D.o.F isn't some magical "What's in is perfectly focused" zone , but "What's in is so slightly out of focus you don't notice". The same focus "error" with the same lens and same aperture will produce the same distance of blurring on the film or sensor: 0.02 mm of blur is harder to see on a 33x44mm image than a 3x4 mm one. Hence all d.o.f. calculations use a circle of confusion size which depends on image size : and that is image size after all cropping has been done.

The test showed this.

Taking images with 4 different format sizes and cropping them all to the same FOV

You didn't though. You took an image and cropped it to 4 sizes. Then you cropped the large size a second time, so cropped the same image down to the same image in 4 different ways.

yes and the reason why is below

You can argue it both ways - if you magnify a section of the image that has a smaller FoV but it is the magnification - or more accurately the change in workable Circle of Confusion size - that has the impact on DoF. If you change the FoV by changing image size and not focal length , it reduces the circle size.

By cropping the 645 to this FOV you are using another format,…. And cropping the Q to the same FOV you are using the same format size as the crop from the 645 image. So when a person uses this practice as proof of F4 is equal to F4 all they have done is shown that yes they have the same DOF only because they have been using the same final format size of 1.06mmx0.76mm with surface area of 0.81mm2( same portion of the image circle)

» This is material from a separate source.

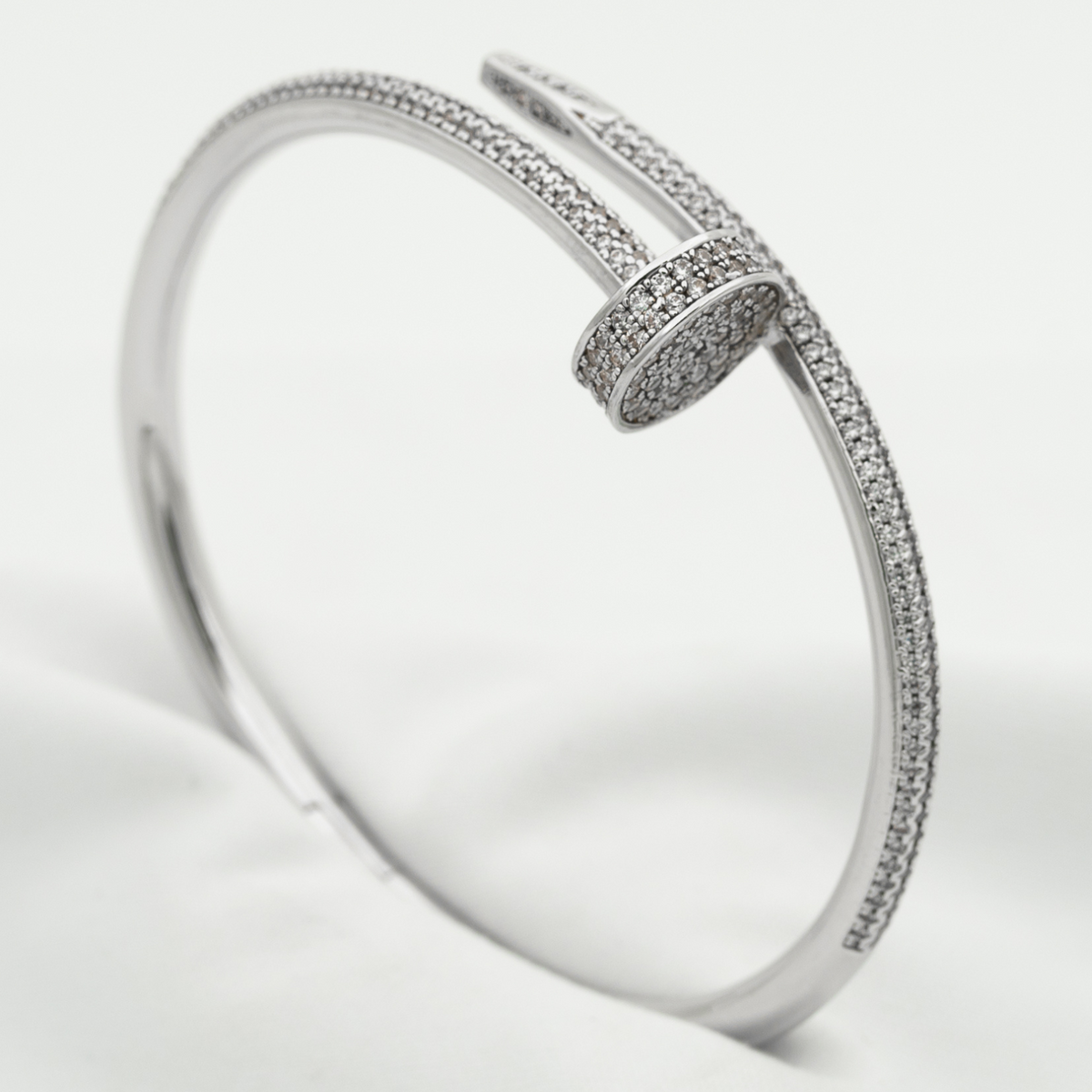 [Bling Jewelrys ]JUSTE ARMBAND 3,5 MM KOMPLETT MIT DIAMANTEN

It has nothing to do with the image circle of the lens. It doesn't matter if the 50mm lens is for a Q or for 645 . And I don't know what fragment of an image was 1.06mmx0.76mm

That is the final size of the format that would have capture that image.

When people show a crop from a big image and whole of a small image made with the same focal length and aperture and say "look they are the same" they are: they must be otherwise the lens would be doing something different to the light depending on what was behind it. But that is like saying the pixels that represent the shape of this letter > O < is the same whether you look at normal resolution or whether you magnify the screen 10 times, but it looks Circular, and black on white , right ? But if you magnify it you get this.

I will start from the beginning

The First image taken with the 645 is basically there to show what a 645 crop of the image circle using a 55mm F4 looks like or another way to put it, it’s the negative. And from that negative I cut out a full frame negative, APSC negative, and a Q negative. This way we can see what is happening as we use different formats.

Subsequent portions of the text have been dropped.